- Born: 1902 Lancaster County, Pennsylvania
- Died: 1970 (aged 67–68) New York, New York
- Education: New York School of Applied Design, Art Students League of New York
- Known for: Fashion Illustration
- Elected: Society of Illustrators' Hall of Fame, 1992

= Dorothy Hood (illustrator) =

American fashion illustrator

Dorothy Hood (1902–1970) was an American fashion illustrator.

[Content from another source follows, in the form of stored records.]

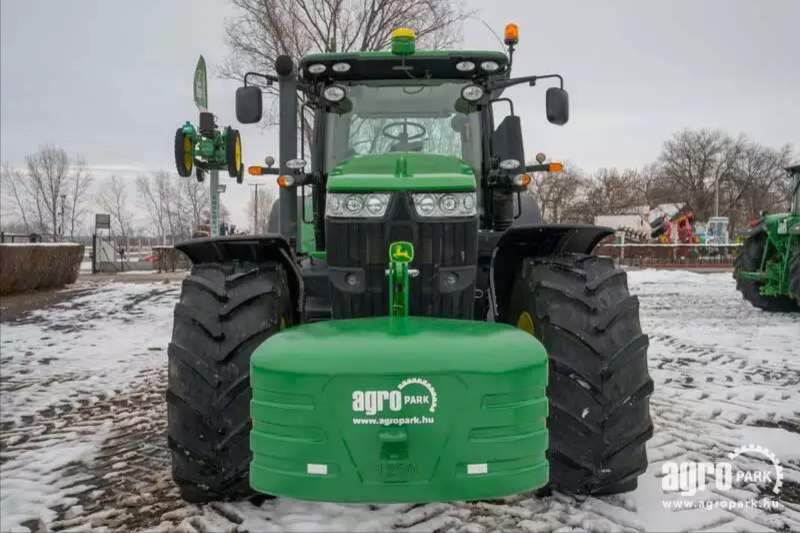 John Deere 7290r Tls
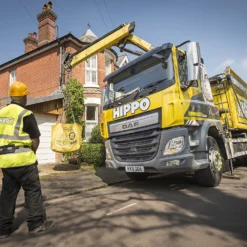 HIPPO MIDIBAG 1 Cubic Yard 90cm X 90cm X 90cm -COMMAND Sales Store 12841849 1595050937896905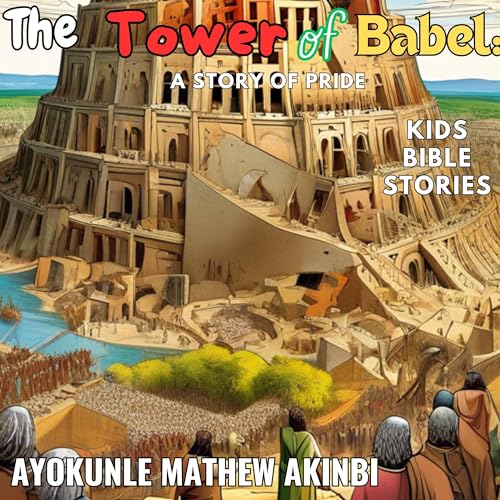 The Tower of Babel by Ayokunle Mathew Akinbi episode artwork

==Early life and education==
Hood was born in Lancaster County, Pennsylvania. She studied at New York School of Applied Design and Art Students League of New York.

==Career==

Dorothy Hood's effective drawings have an unprecedented place in the field of advertising as a whole, not fashion alone. The substance and interest of her illustrations have become synonymous with Lord & Taylor and have established an unprecedented corporate image. Combining as they do the essence of an artist's personal expression within the framework of advertising, her pages have kept the store with which she is identified in the forefront of fashion advertising for a record number of years. Her fashion figures have personality and vitality.
— —Clarissa Rogers, Director, Fashion Advertising

She began working for department stores, including Saks Fifth Avenue, and for art services. Hood designed a logo for Lord & Taylor of the American Beauty rose, to promote "The American Look", a marketing strategy developed by Dorothy Shaver who was the company's first vice president and became president in 1945. Hood and other illustrators—like Jean Karnoff, Helen Hall, and Carl Wilson—incorporated the logo in advertisements for the store. Paul Shaw from Bloomberg Business states that she was the first to incorporate the logo in ads and "As early as 1947, her logos—distinctive in their thin, scratchy line—emerge from swirling pen strokes unifying the various illustrations in an advertisement." Hood was the best known American fashion illustrator at that time and was Lord & Taylor's top illustrator.

Hood was inducted into the Society of Illustrators's Hall of Fame in 1992. Known for her ability to create a "powerful visual identity" for Lord & Taylor, her illustrations are among the 20th-century fashion illustrations in the Frances Neady collection at the Fashion Institute of Technology.